He snorted, but headed into the house.  When he came back, he'd obviously formulated what he wanted to say, which is exactly what I hoped that brief time apart would allow him.

"It just seems like we're spinning our wheels now,"  he said thoughtfully.  "I never really saw this far ahead.  Guess I never thought we'd get to a point like this.  Everything that really needed to be done is done, you know?"

"Yes.  Except you never fixed that basement step like you said you would."

"Shut up about the basement step, that's a five minute job, it's not going to fill up the rest of our lives."

"Do you have a suggestion to make then, or should I play Twenty Questions?"

"I suggest you not get irrational," he said.  "Let's just discuss this calmly."

"Okay.  I'll start.  Are you out of your frigging mind?  Give all this up?  For what?"

"That's exactly the point.....  for what?  Don't you ever get the urge to try something new, to do something else, to find another challenge?"

Well, yes, actually, I did.  I just wasn't ready to admit it.  I had to clear something important up first.........  "This 'new challenge'.  Does it involve both of us?"

He looked at me like I'd just said something incredibly stupid.  So, okay, I  had.

Finally, we talked.  What each of us had been thinking, and feeling was as so often happened with us, a mirror image of the other's thoughts.  Life was good.  Indeed, life was beautiful.  We just didn't feel like it was enough, anymore.  It would be hard to leave this place we'd poured our hearts and souls into.
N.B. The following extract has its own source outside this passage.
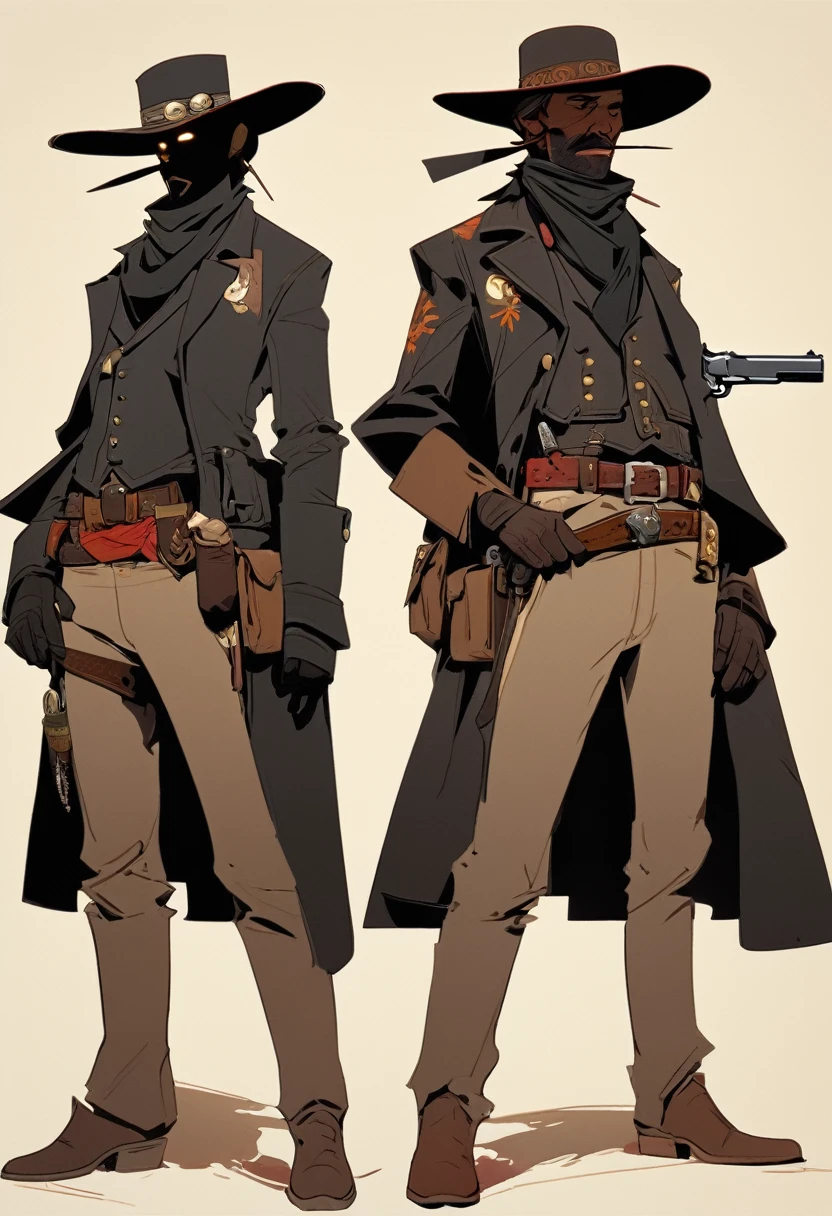 score_9, score_8_up, score_7_up, score_6_up, score_5_up, score_4_up, 1man, Western, Desert, red sun, scorching sun, arid, Horizon, far away, Wild West, red dead Redemption, cartoon art style, Holstered pistol, ready to draw, black hat, black overcoat, dark, Bandit, old west town, City, Skull belt,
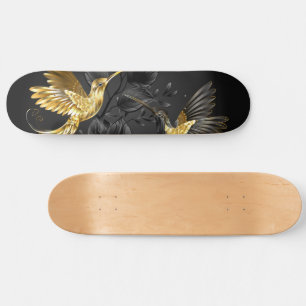 Zwart en Gouden Kolibrie Skateboard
But if we didn't......  If we stayed and grew old here.  It wouldn't be so bad, in fact it would be a pretty good life.  But..... always that 'but'.  We would always wonder about what else we might have done, could have done, should have done.  

Joe told me he wanted to experience building and living in a brand new house some day, after all our years in this old one.  I told him I was dreaming of living on the banks of a river - not a lake, but a river, like the one we often swam in after a hot day of work, several miles away.

"We could build the new house by a river."  

Of course we could.  Why the hell not?  

And that my friends, was the beginning of the end.  But also of course, the beginning of a new beginning.  In the time it takes to drink a cup of coffe we agreed to change the entire course of our lives.   You've made decisions like that.  The kind which, until you look back many years later, you can't know for sure if you did right........  or wrong.

Just before we rose to begin our day, I had a thought.

"Joe!  What about Dawg?  We can't leave him!"

"Of course we can't leave him, we'll bring him with us!"

"How?  You know he won't get in the car."

"We'll drug him if we have to.  We'll get something from the vet.  We can work on him.  Of course, you realize we will have to sell the goats."

"Let's cross that bridge when we come to it."

In other words, 'over my dead body', but I decided to leave that for another day.